E qui si apre uno dei capitoli più spinosi, quello della "delocalizzazione". Ancora: sull’alveo del fiume, suggerisce il geologo, "servivano aree di laminazione diffuse per rallentare l’onda di piena con l’espansione sui terreni circostanti". Infine, è urgente "una migliore gestione delle aree agricole, grazie a piccoli bacini di raccolta e laghetti collinari utili anche per i periodi siccitosi".

Ecco, la siccità. "L’altro volto del cambiamento climatico che abbiamo largamente sperimentato quest’estate", è l’analisi del presidente Anbi Francesco Vincenzi.
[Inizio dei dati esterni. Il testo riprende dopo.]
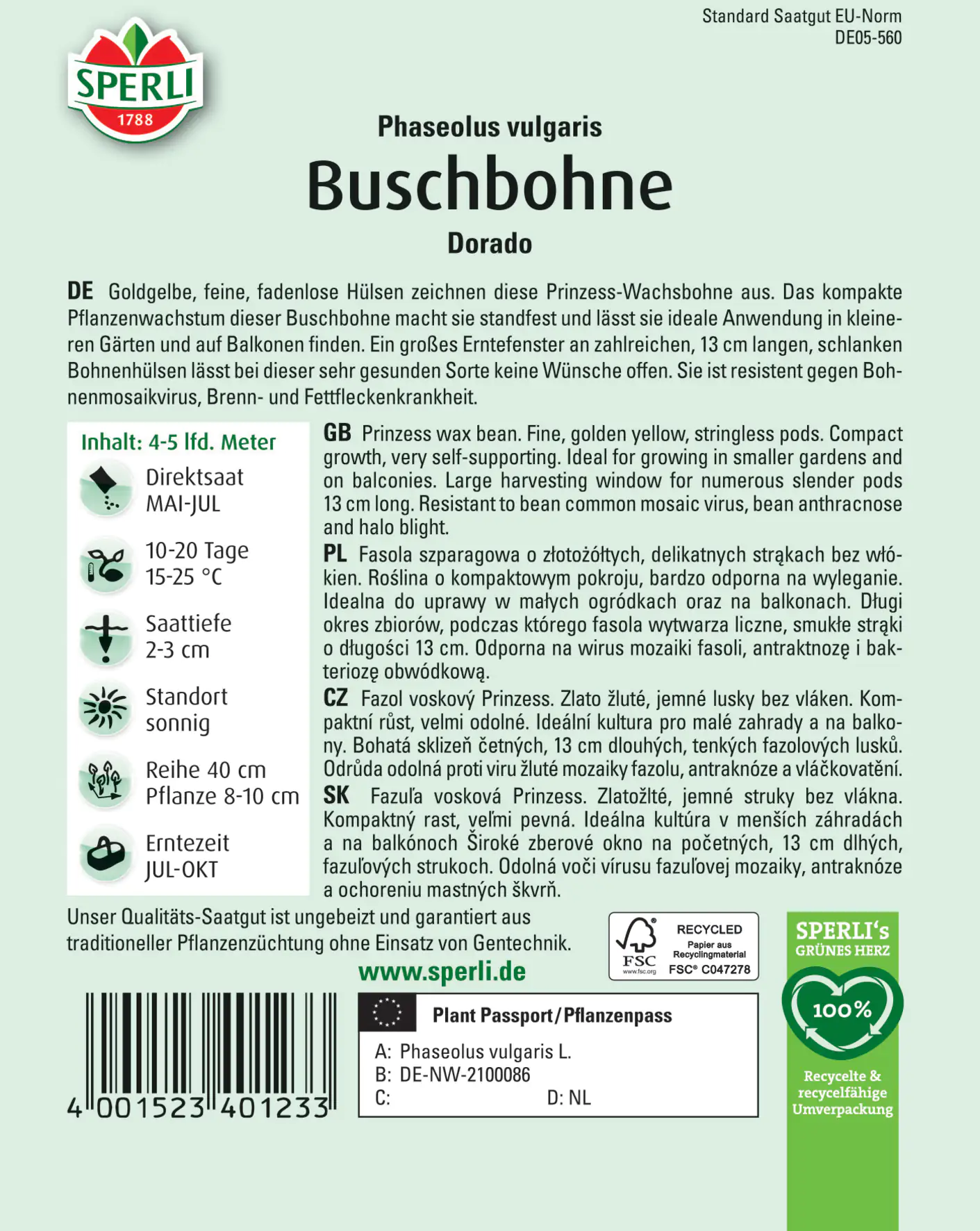 Sperli Buschbohne Dorado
Che parte da un numero choc: il Misa straripato a Senigallia – dove sono piovuti solo 5,6 millimetri – alle 22 aveva un’altezza di 21 centimetri, alle 23.45 di 5,31 metri.

L’ufficio studi dell’associazione nazionale Consorzi gestione e tutela territorio e acque irrigue manda in circolo i dati e ci mette il punto esclamativo. Il presidente non ha dubbi: "Il Paese è fragile, oltre il 90% dei comuni è a rischio dissesto e siccità. Quali opere servono? La prima è la manutenzione ordinaria, la pulizia degli alvei, la manutenzione delle rive, la gestione dell’acqua da monte a valle".

Ci sono negli occhi di tutti le immagini degli allagamenti. Il presidente Anbi osserva: "Sicuramente è da ripensare il modello di sicurezza nel nostro Paese. Penso a scantinati e case sotto il livello del suolo. Non mi pare più possibile".

Dignani, marchigiano, scrive sul tema da più di vent’anni. Come si sente, oggi, a commentare un altro disastro? "Purtroppo le nostre previsioni si avverano, e in questo non c’è purtroppo soddisfazione. Mentre nella campagna elettorale le questioni ambientali e climatiche restano ai margini", avverte. Sospiro.